Protocol Online logo
Top : Forum Archives: : Protein and Proteomics

bands from tissue one size, from cells - size doubles - help! (Feb/03/2005 )

My protein of interest is ~30kDa - this is the size it runs at on a western blot using mouse tissue samples. However, I have been performing some WB's on cell extracts and am finding an extremely strong band approximetely at ~60kDa appearing.

From mouse tissues I see no other bands appearing other than a strong band at 30kDa, but with the cell lysates I see a faint shadow at 30kDa but a very strong band at 60kDa.

A colleague has suggested that maybe my protein has formed dimers, strongly linked that they are not dissociated in the reducing sample buffer. Could this be the case, or does anyone have any other ideas???

Thankyou in advance,



I guess its the dimer of your protein. What concentration of reducing agent you are using in your loading buffer? first of all is it mercapto ethanol or DTT? and also some times boiling the samples before loading helps. did u try that?
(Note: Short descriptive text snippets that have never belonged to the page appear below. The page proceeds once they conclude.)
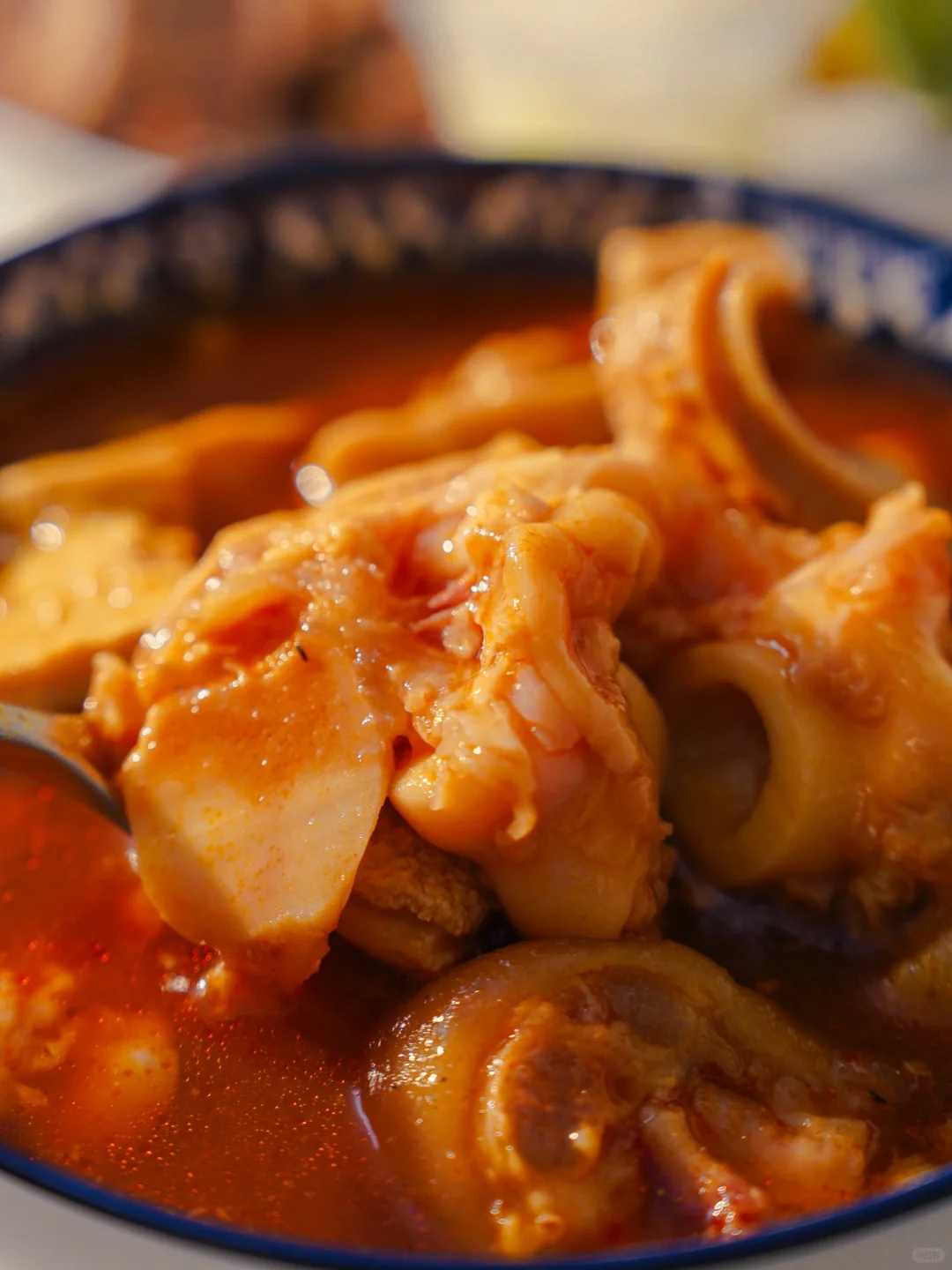Chicago | Completely Conquered by This Bowl of Mexican Tripe and Pork Trotter Soup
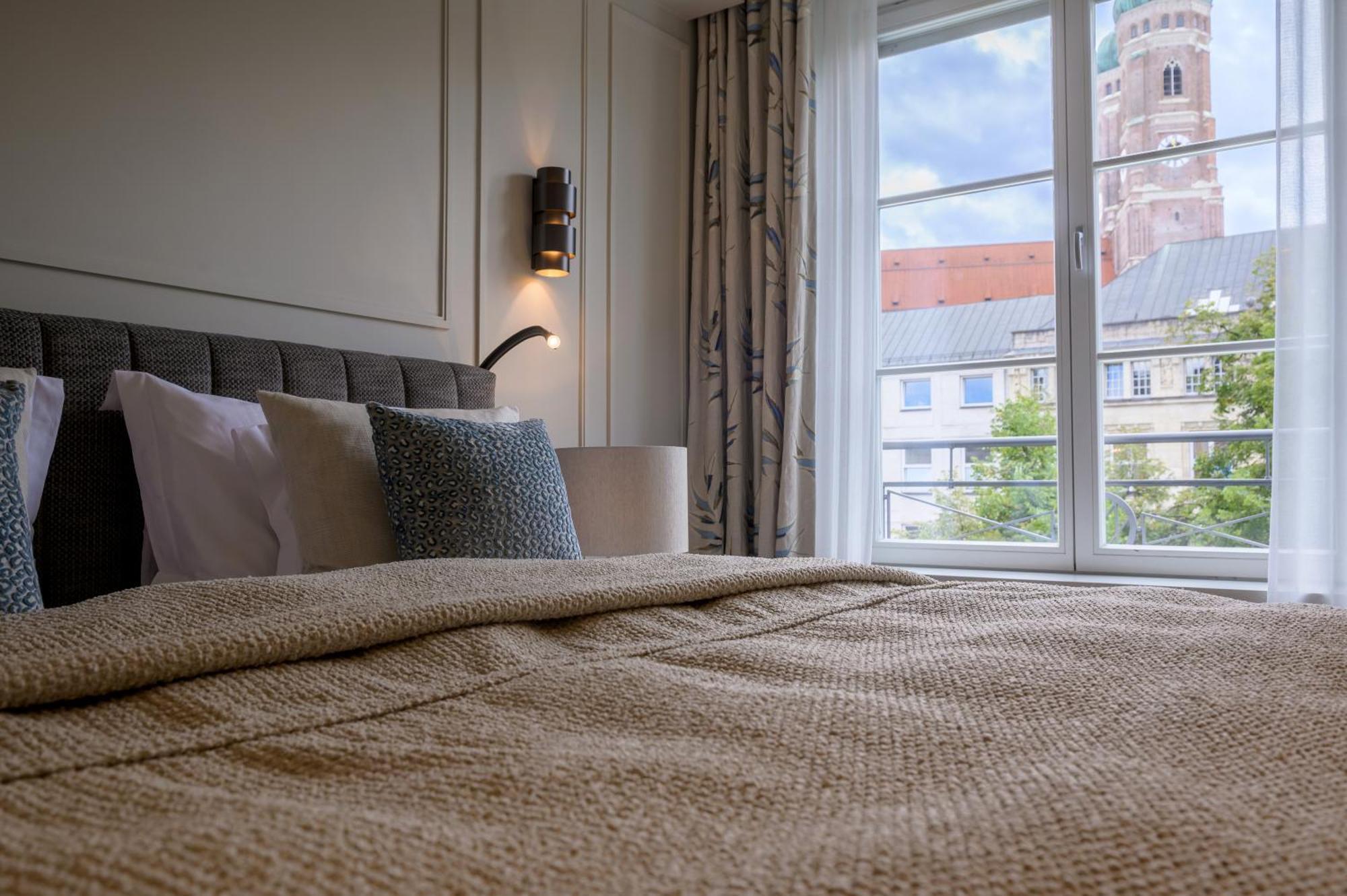Hotel Bayerischer Hof München Kültér fotó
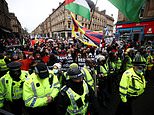 More than 50,000 protesters march in Glasgow and other UK cities for climate change action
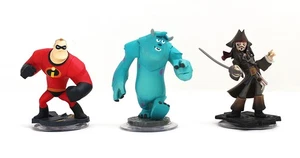 Personajes de Disney Infinity Jack Sparrow Mr Incredible Monster Inc Sully Xbox 360 - Imagen 1 de 1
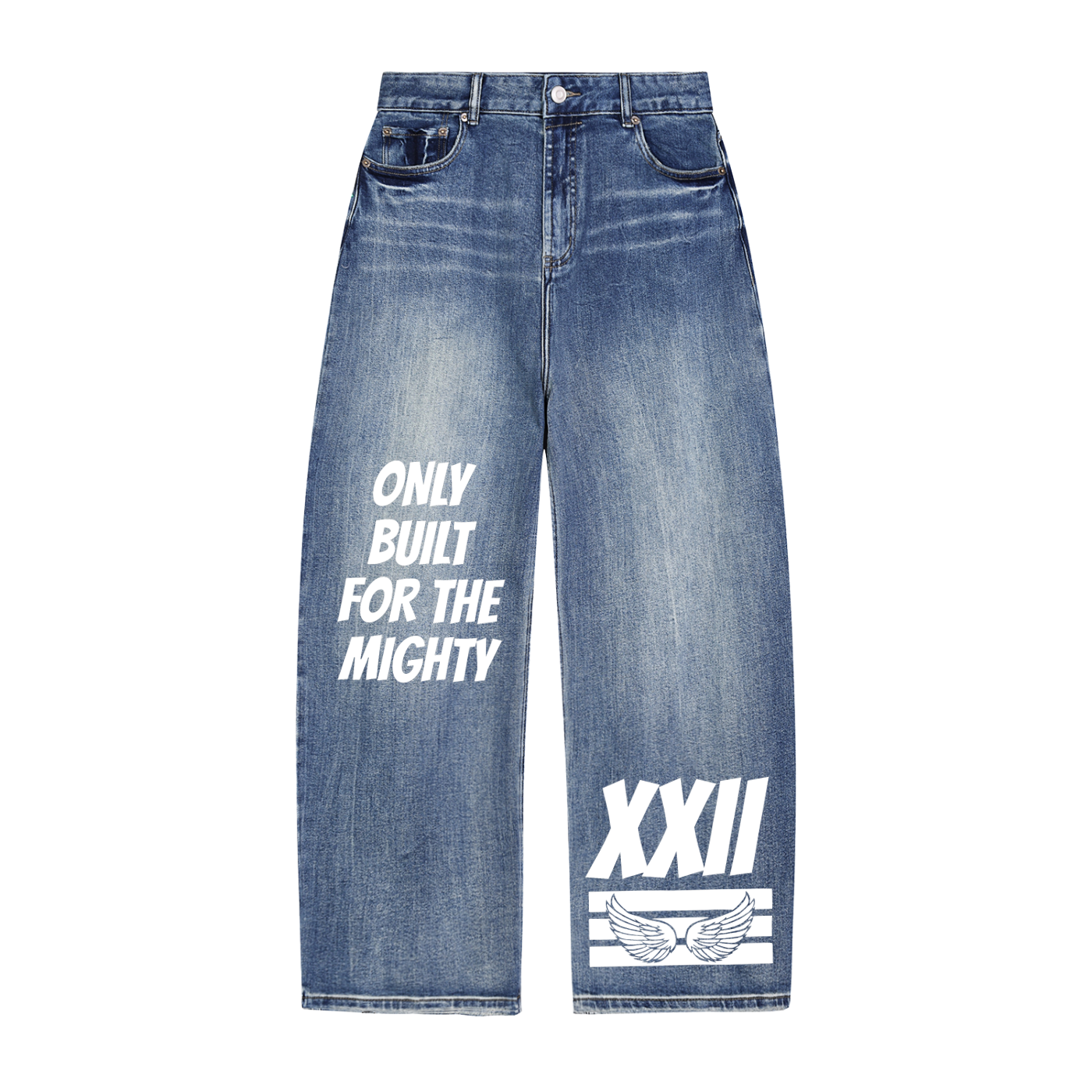 FLYWLKR "ORIGINALS" Sun Fade Heavyweight Denim Jeans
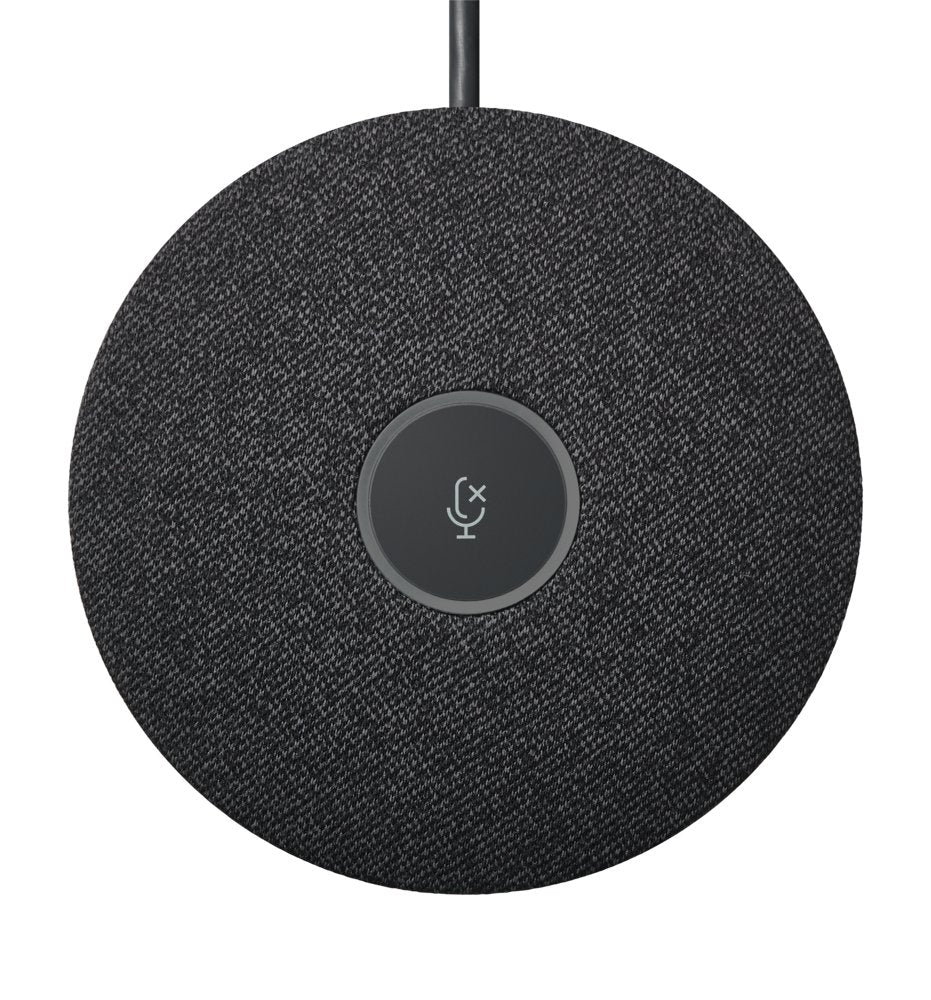 Logitech Rally Mic Pod | Grafiet | Tafelmicrofoon | Professionele Conferentie Audio - Matmuis - Matmuis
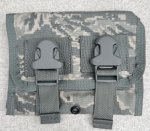 画像1: 米空軍実物 放出品 GCS製 DF-LCS トリプル40mm グレネード ABU ポーチ (1)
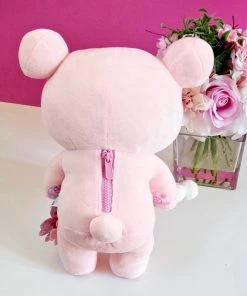 Aliquantum Intl San-X Rilakkuma Cherry Blossoms Plushie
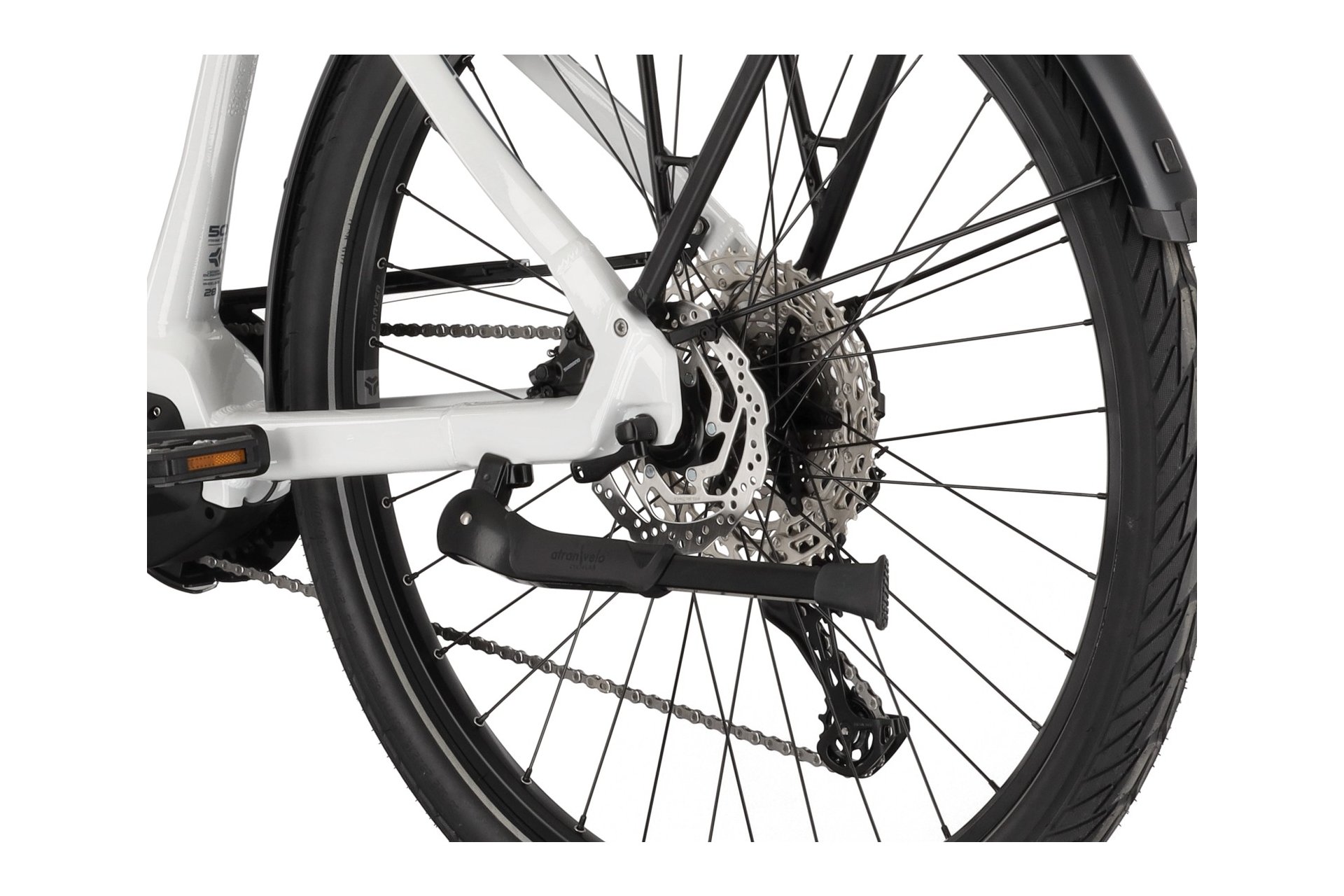 Carver Route E.440 - 800 Wh - 28 Zoll - Diamant - 2026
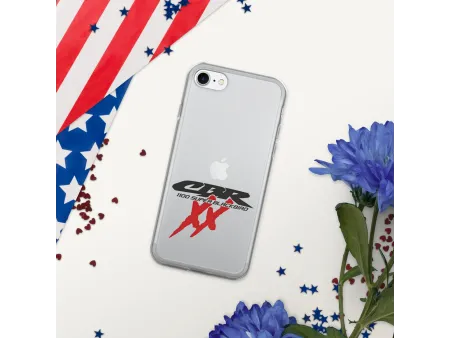 Cover Iphone trasparente personalizzata CBR XX Super Blackbird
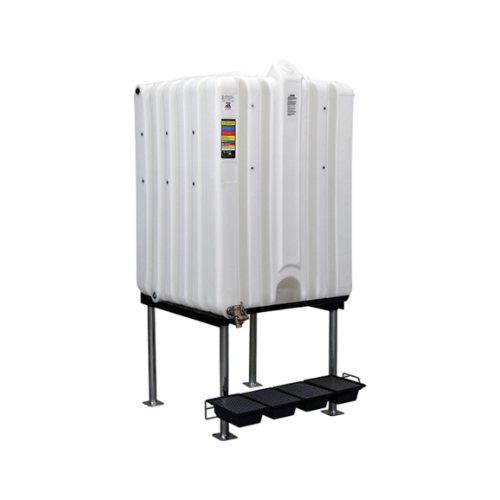 225 Gallon Rhino Tuff Tanks Gravity Feed System No Valve (RTT-6400-NV) - product photo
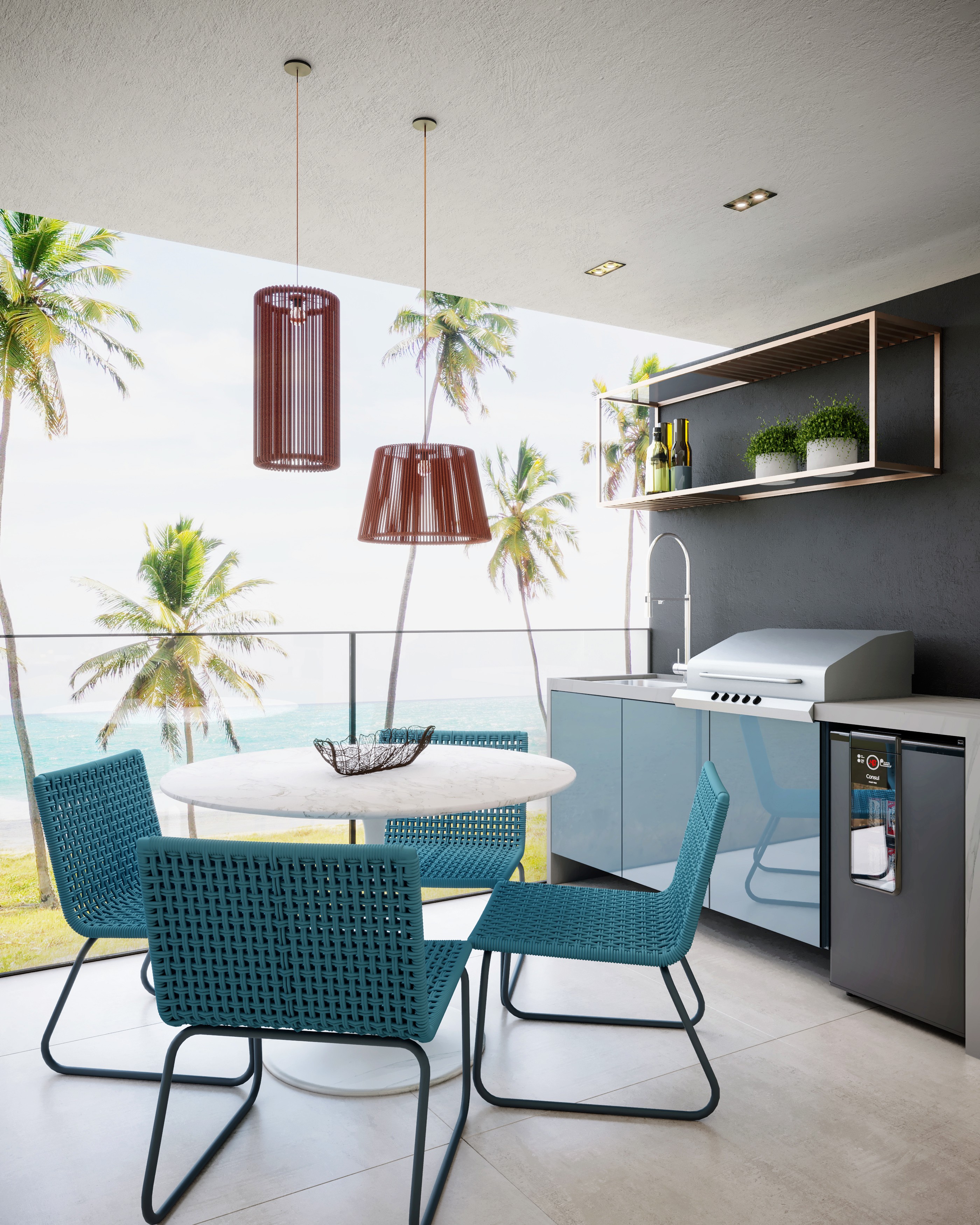 Imagem Apartamento com 2 Quartos à Venda, 56 m²em Praia de Muro Alto - IPOJUCA Imagem Apartamento com 2 Quartos à Venda, 56 m²em Praia de Muro Alto - IPOJUCA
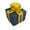 Gold and Blue, variant on 1PC Annoying 3D Printed Christmas Decoration Magic Gift Box For Friends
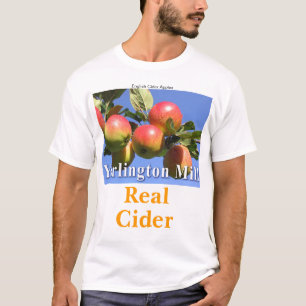 Wirkliches Apfelwein-T-Shirt T-Shirt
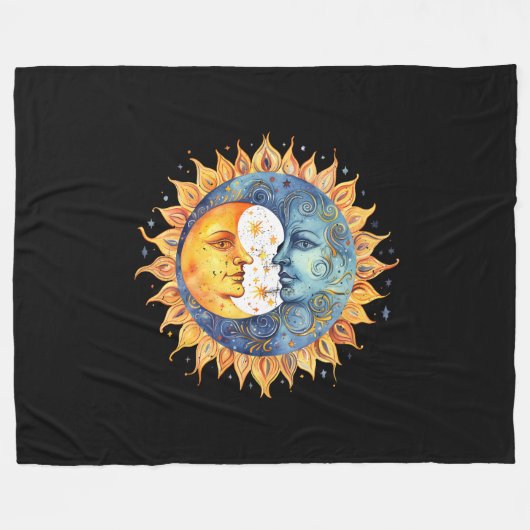 Fleecedecke Fleece Deken (Voorkant (Horizontaal))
I use mecapto ethanol in my sample buffer, and always boil for 5 mins before loading the gel. I am trying it again today with some fresh sample buffer that I made this morning to make sure it hasnt 'gone off'.

Thanks for your reply,


Good call on the fresh buffer. If that is not it, then what manipulations are you doing to the tissue vs. the cultured cells? Is there a step that might be helping tear dimers apart in the tissue processing?


Yes, I process my tissues using trizol and a mechanical homogeniser - whereas I us a lysis buffer (tris, sds, sodium vanadate, NaF and some protease inhibitors) for my cells and quickly sonicate for 10secs.

i have been using this buffer on my cells as others in the lab are using it successfully to view phosphorylated proteins, which is one thing I want to see from my cells. I guess the trizol and homogenisation could be breaking apart any dimers.

How can I tell for sure? How do you deternmine if a protein is dimerising???